Could you restate the entries word for word, without the images?

EXCERPTED DATA Start Marker

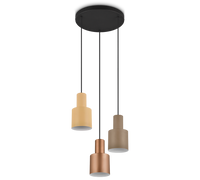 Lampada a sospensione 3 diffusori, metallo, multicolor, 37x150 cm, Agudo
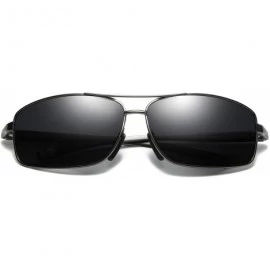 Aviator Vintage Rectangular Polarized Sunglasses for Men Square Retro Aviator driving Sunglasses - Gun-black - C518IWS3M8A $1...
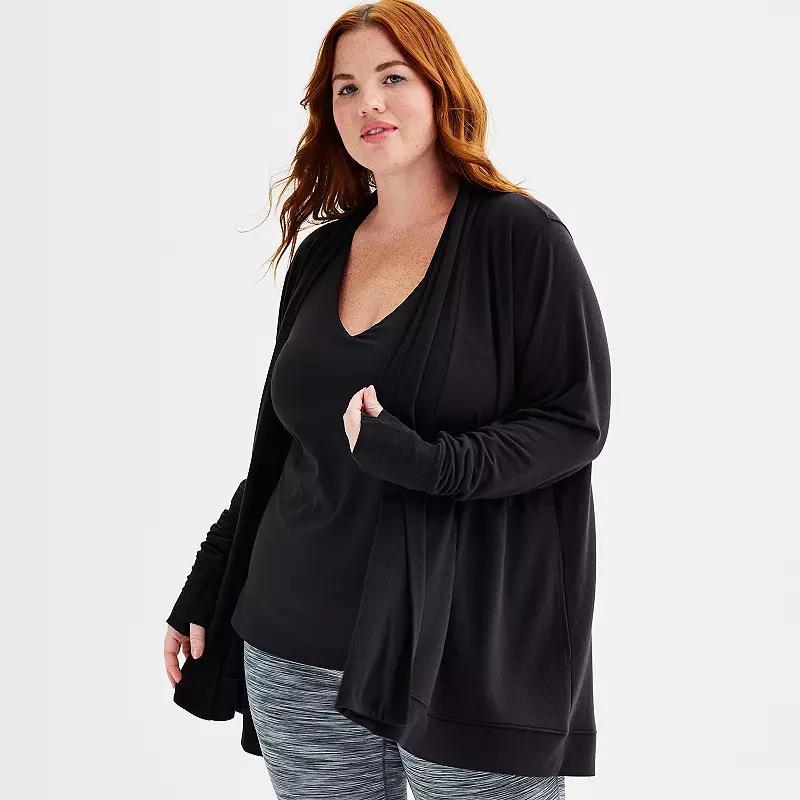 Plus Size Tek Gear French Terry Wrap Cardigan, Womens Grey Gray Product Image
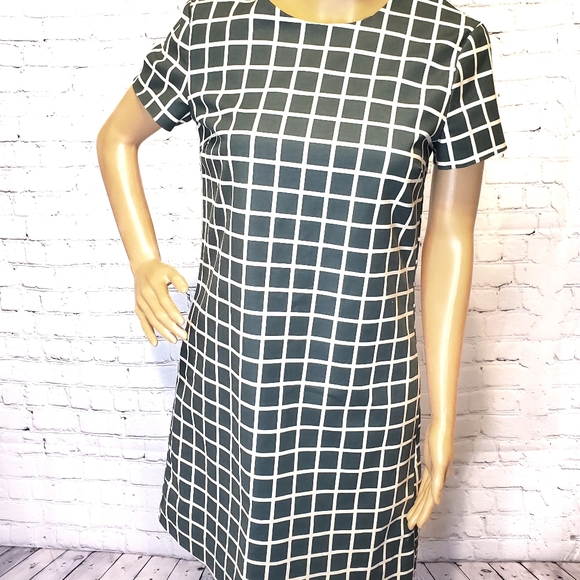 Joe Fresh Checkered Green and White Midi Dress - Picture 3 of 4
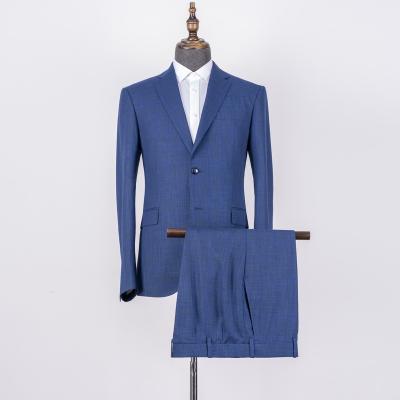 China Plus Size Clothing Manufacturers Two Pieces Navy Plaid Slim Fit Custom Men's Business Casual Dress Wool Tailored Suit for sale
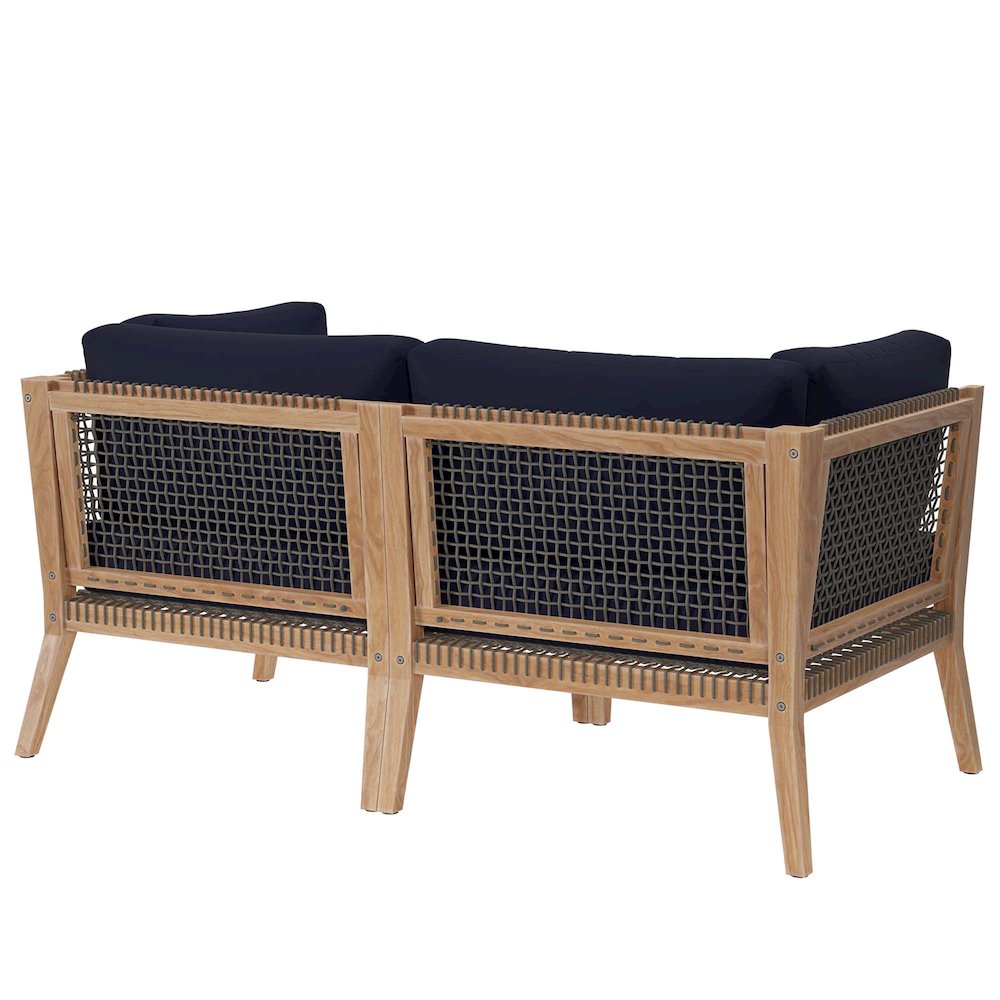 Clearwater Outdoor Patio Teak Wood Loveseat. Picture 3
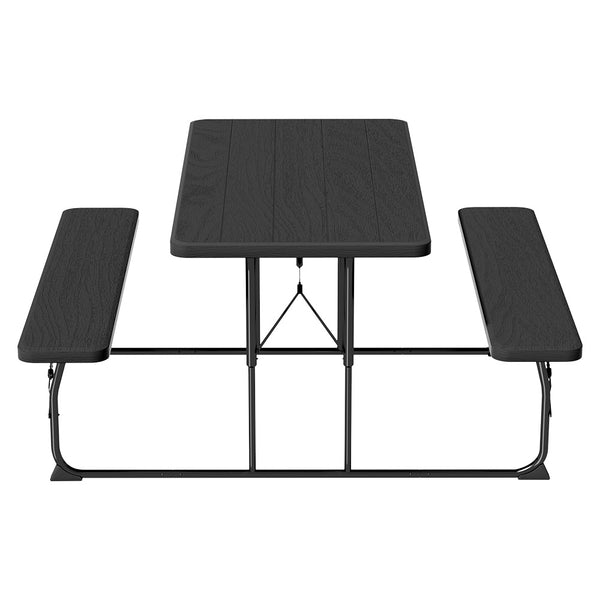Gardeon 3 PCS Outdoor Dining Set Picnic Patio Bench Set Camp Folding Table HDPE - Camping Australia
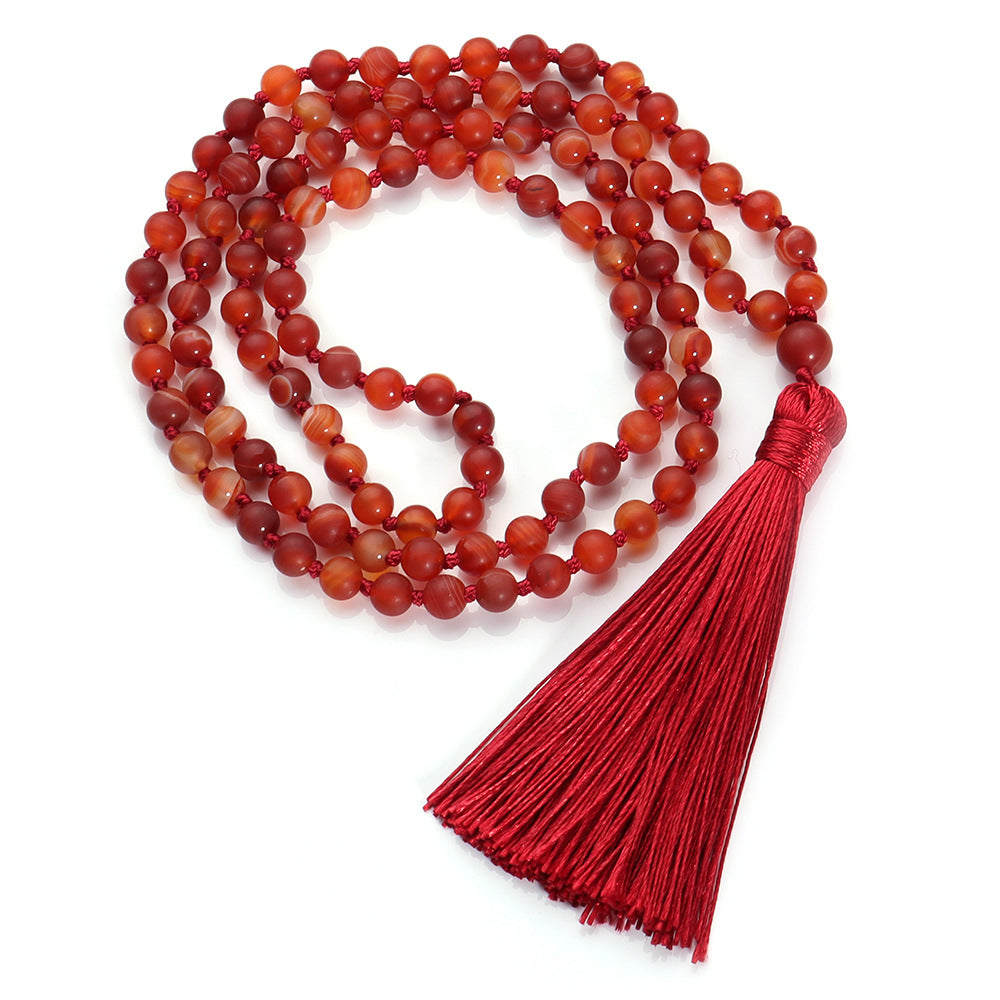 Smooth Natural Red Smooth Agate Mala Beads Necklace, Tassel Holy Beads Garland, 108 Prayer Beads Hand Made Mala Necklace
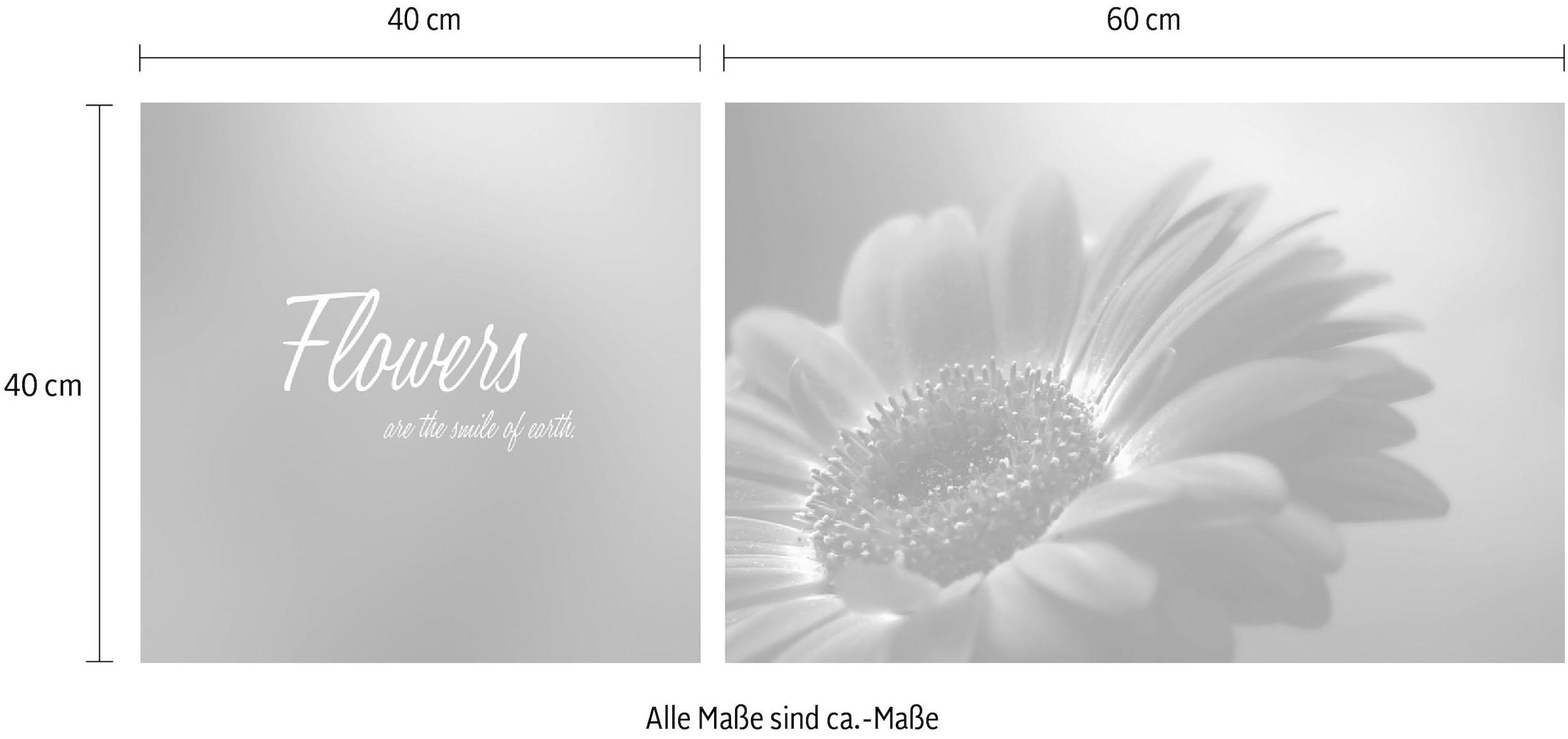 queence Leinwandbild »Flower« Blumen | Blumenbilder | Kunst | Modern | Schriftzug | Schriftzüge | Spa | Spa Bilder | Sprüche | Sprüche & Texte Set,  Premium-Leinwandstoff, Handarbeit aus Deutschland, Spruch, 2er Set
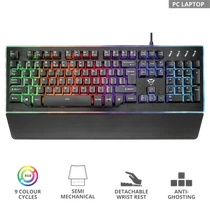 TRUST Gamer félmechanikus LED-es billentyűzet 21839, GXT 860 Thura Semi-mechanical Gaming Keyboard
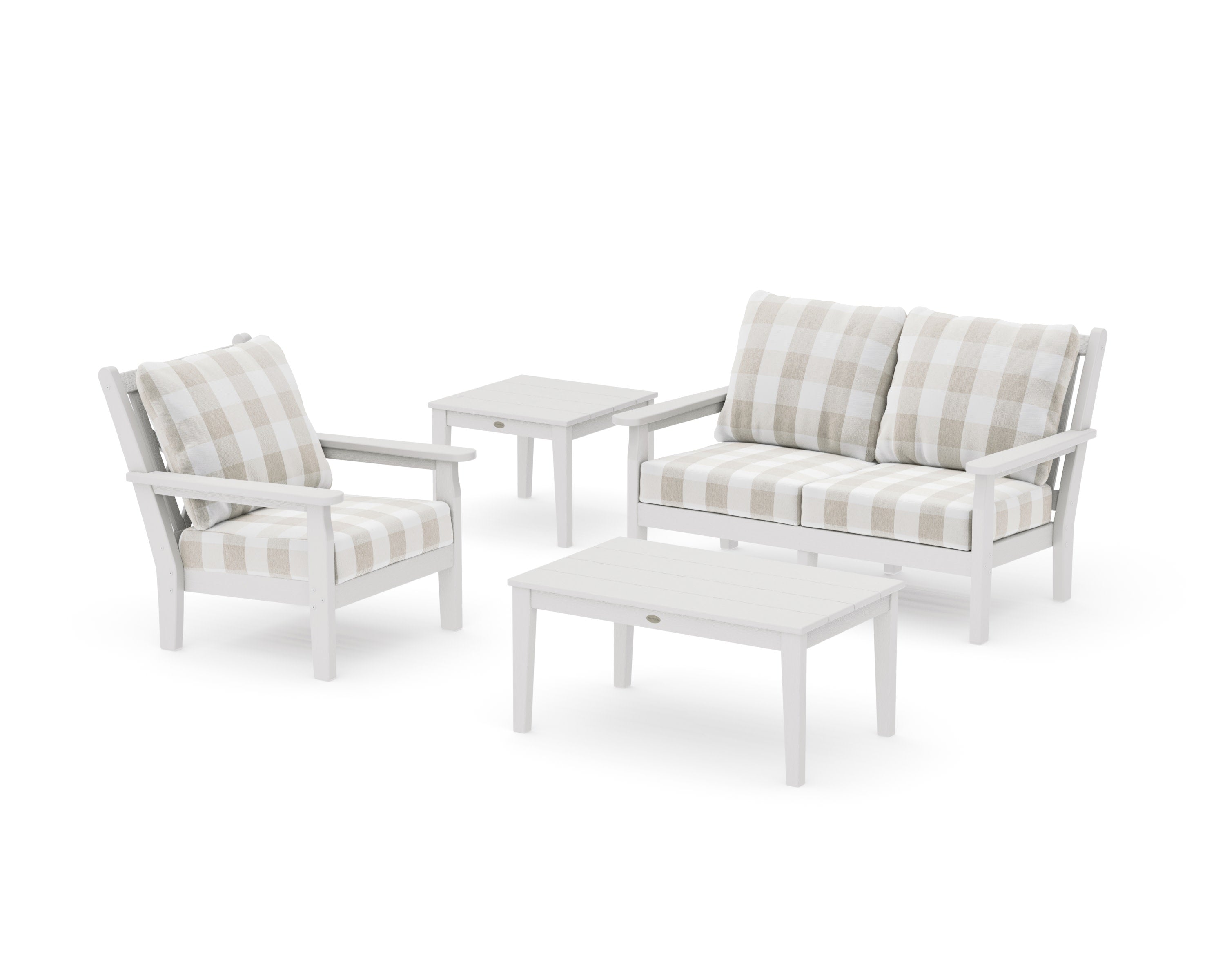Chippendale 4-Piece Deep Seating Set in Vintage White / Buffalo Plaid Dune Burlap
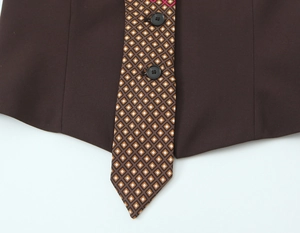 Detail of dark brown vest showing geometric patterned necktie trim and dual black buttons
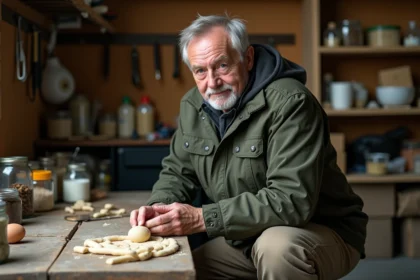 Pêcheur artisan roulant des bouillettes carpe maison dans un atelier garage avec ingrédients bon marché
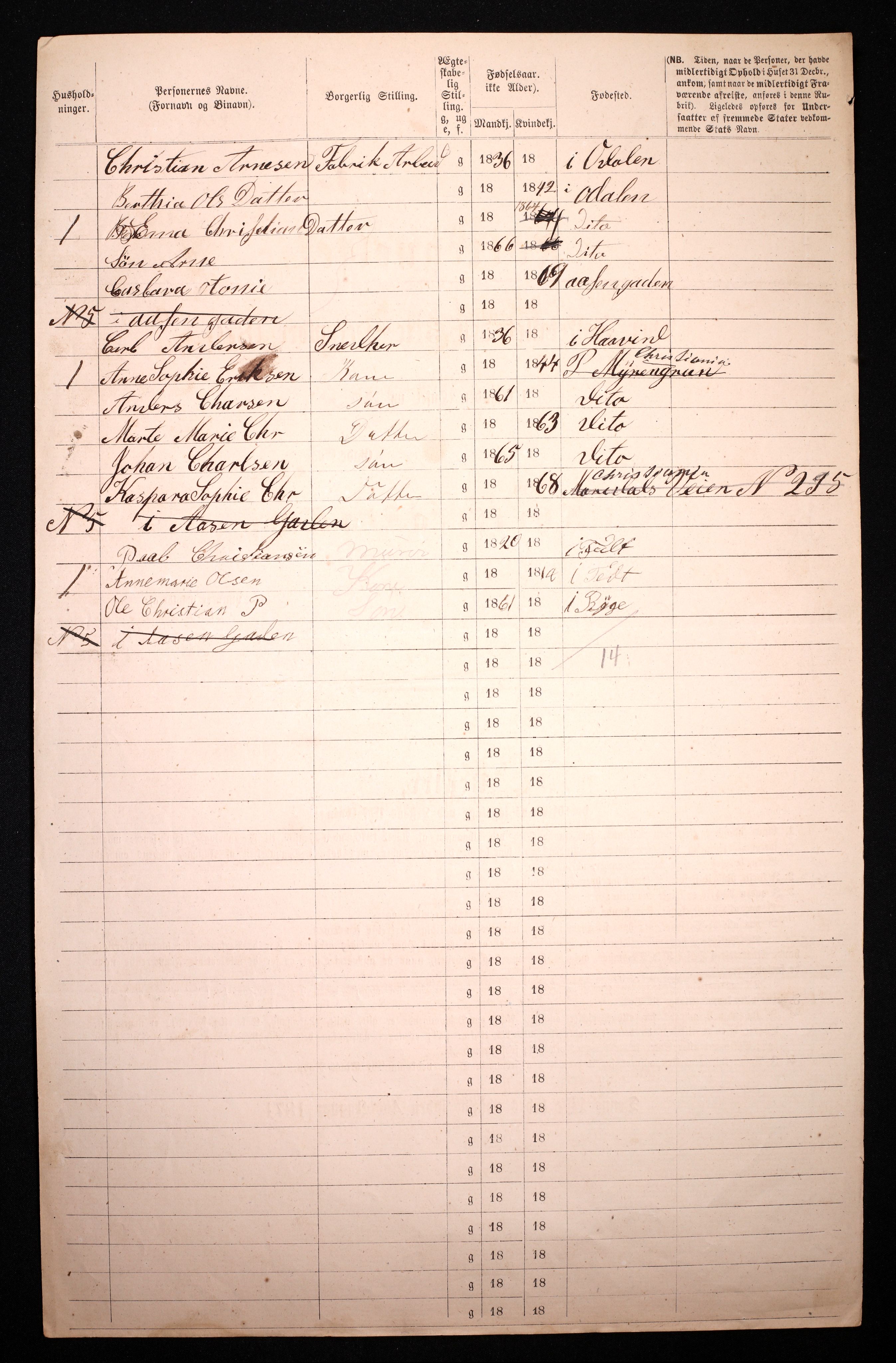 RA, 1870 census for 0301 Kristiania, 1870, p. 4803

EXCERPTED DATA End Marker

__ANSWER BOX__:
 Lampada a sospensione 3 diffusori, metallo, multicolor, 37x150 cm, Agudo
 Aviator Vintage Rectangular Polarized Sunglasses for Men Square Retro Aviator driving Sunglasses - Gun-black - C518IWS3M8A $1...
 Plus Size Tek Gear French Terry Wrap Cardigan, Womens Grey Gray Product Image
 Joe Fresh Checkered Green and White Midi Dress - Picture 3 of 4
 China Plus Size Clothing Manufacturers Two Pieces Navy Plaid Slim Fit Custom Men's Business Casual Dress Wool Tailored Suit for sale
 Clearwater Outdoor Patio Teak Wood Loveseat. Picture 3
Gardeon 3 PCS Outdoor Dining Set Picnic Patio Bench Set Camp Folding Table HDPE - Camping Australia
 Smooth Natural Red Smooth Agate Mala Beads Necklace, Tassel Holy Beads Garland, 108 Prayer Beads Hand Made Mala Necklace
 queence Leinwandbild »Flower« Blumen | Blumenbilder | Kunst | Modern | Schriftzug | Schriftzüge | Spa | Spa Bilder | Sprüche | Sprüche & Texte Set,  Premium-Leinwandstoff, Handarbeit aus Deutschland, Spruch, 2er Set
 TRUST Gamer félmechanikus LED-es billentyűzet 21839, GXT 860 Thura Semi-mechanical Gaming Keyboard
Chippendale 4-Piece Deep Seating Set in Vintage White / Buffalo Plaid Dune Burlap
 Detail of dark brown vest showing geometric patterned necktie trim and dual black buttons
 Pêcheur artisan roulant des bouillettes carpe maison dans un atelier garage avec ingrédients bon marché
 RA, 1870 census for 0301 Kristiania, 1870, p. 4803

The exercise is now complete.